Activity =>
Omit every picture and output the rest of the records exactly as they are.

(Data extracted from a collection)

BEGIN

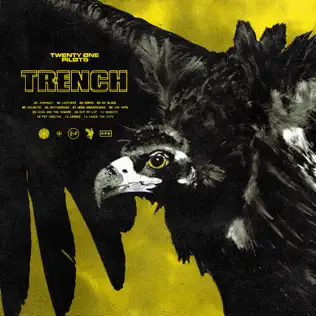 twenty one pilots – Trench
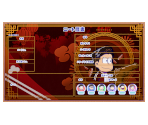 NEET Resumes (Matsu Noir) - Osomatsu-san Hesokuri Wars: Battle of the NEETs
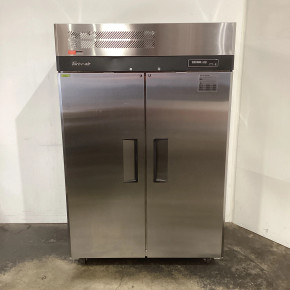 Turbo Air KF45-2-N Upright Freezer 825177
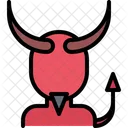 Demon  Icon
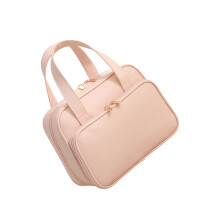 Toiletry Bag Large Capacity Travel Makeup Bag Wash Bag-PK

END

Solution for this task =>
 twenty one pilots – Trench
 NEET Resumes (Matsu Noir) - Osomatsu-san Hesokuri Wars: Battle of the NEETs
 Turbo Air KF45-2-N Upright Freezer 825177
 Demon  Icon
 Toiletry Bag Large Capacity Travel Makeup Bag Wash Bag-PK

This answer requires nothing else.